AIM OF THE EXERCISE. The answer must consist only of the lines from the line with "1LNHM97V9XY634170 - 1999" to the line with "Jovem família correndo", both included, exactly as they stand below.

DATASET ENTRIES.
▼

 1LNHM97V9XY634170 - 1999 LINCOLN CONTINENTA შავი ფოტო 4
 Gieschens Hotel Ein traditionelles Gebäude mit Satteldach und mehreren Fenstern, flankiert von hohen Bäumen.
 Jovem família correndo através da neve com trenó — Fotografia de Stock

▲
▼

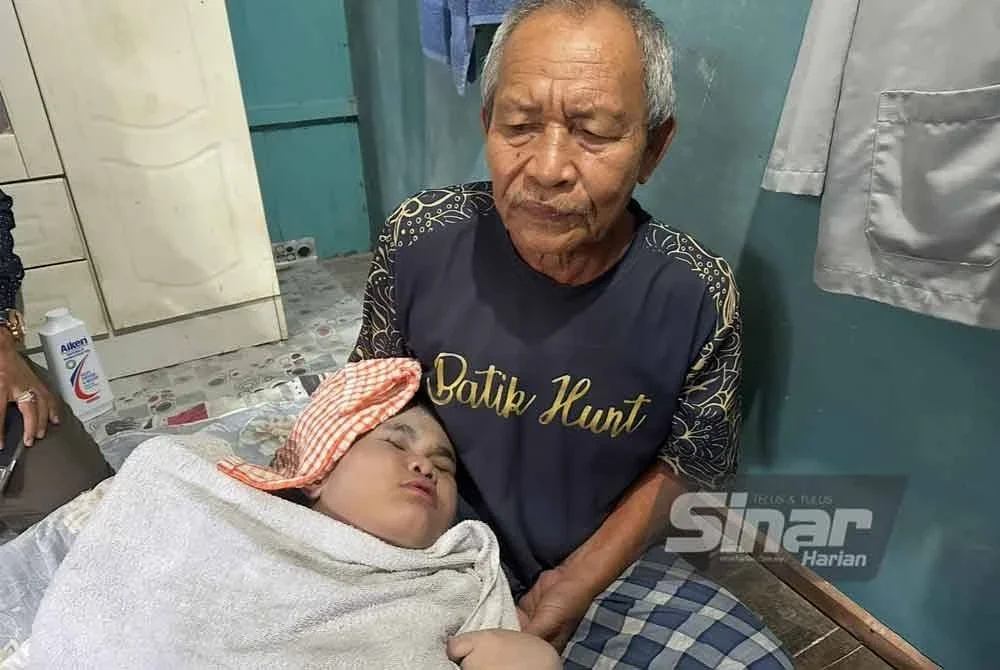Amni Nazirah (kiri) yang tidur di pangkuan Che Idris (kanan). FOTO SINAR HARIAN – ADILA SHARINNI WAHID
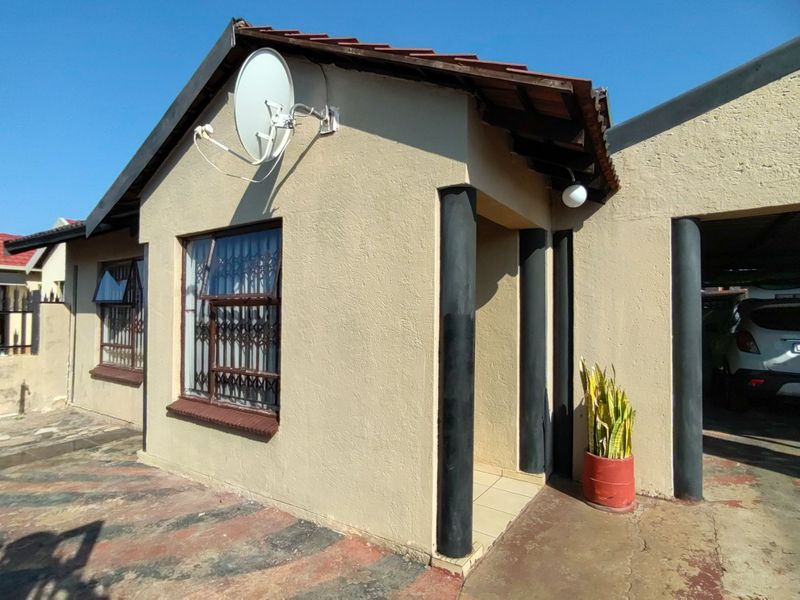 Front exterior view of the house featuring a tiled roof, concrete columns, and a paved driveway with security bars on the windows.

▲

EXPECTED ANSWER.
 1LNHM97V9XY634170 - 1999 LINCOLN CONTINENTA შავი ფოტო 4
 Gieschens Hotel Ein traditionelles Gebäude mit Satteldach und mehreren Fenstern, flankiert von hohen Bäumen.
 Jovem família correndo através da neve com trenó — Fotografia de Stock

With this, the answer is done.